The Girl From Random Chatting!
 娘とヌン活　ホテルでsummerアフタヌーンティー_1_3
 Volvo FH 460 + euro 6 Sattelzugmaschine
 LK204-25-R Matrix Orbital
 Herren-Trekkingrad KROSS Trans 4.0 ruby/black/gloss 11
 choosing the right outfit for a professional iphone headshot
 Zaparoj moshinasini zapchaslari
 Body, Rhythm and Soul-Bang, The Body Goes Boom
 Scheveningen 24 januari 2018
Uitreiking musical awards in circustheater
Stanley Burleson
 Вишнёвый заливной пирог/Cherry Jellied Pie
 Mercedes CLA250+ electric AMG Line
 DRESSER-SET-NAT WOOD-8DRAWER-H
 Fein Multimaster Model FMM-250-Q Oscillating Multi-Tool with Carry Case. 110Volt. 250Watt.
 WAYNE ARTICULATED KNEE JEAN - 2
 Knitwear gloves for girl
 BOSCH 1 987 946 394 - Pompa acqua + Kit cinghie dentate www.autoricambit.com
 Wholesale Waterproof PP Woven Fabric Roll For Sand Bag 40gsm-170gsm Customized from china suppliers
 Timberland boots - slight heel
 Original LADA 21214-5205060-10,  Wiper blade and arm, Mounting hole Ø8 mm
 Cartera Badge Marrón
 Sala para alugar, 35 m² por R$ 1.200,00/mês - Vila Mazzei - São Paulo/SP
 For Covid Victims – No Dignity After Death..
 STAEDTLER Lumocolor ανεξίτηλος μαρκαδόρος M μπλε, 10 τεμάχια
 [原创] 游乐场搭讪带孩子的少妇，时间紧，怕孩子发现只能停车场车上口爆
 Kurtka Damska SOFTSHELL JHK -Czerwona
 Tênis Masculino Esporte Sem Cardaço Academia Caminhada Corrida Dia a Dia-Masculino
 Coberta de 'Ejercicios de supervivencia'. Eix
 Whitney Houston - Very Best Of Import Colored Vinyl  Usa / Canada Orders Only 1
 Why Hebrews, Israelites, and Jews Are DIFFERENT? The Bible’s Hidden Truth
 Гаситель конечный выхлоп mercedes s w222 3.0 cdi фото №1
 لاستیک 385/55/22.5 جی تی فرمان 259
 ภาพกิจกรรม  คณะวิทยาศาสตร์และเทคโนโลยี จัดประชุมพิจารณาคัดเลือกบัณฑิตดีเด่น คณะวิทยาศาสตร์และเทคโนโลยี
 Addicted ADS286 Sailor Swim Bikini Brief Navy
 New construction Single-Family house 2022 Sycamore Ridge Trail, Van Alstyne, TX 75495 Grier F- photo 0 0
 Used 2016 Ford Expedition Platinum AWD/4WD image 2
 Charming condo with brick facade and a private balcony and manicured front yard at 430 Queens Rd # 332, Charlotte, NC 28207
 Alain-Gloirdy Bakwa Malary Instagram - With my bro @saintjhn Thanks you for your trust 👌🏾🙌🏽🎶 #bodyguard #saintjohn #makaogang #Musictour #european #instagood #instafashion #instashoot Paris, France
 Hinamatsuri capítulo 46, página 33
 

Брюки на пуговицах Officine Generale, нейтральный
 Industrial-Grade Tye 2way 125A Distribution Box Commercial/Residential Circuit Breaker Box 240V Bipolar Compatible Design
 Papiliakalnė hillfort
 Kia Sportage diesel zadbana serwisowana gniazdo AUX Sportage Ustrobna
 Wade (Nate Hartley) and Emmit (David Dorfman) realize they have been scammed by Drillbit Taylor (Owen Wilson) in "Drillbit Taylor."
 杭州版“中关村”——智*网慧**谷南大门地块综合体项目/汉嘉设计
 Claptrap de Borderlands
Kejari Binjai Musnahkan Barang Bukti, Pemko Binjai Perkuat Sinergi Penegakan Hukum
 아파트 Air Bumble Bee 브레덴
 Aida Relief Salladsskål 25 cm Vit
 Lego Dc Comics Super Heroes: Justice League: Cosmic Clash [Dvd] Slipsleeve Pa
-----
### WHAT IS NEEDED
Everything from the line containing "Kejari Binjai Musnahkan" through the final line above must be copied exactly, with both ends kept.

### RESULT OF THIS TASK
Kejari Binjai Musnahkan Barang Bukti, Pemko Binjai Perkuat Sinergi Penegakan Hukum
 아파트 Air Bumble Bee 브레덴
 Aida Relief Salladsskål 25 cm Vit
 Lego Dc Comics Super Heroes: Justice League: Cosmic Clash [Dvd] Slipsleeve Pa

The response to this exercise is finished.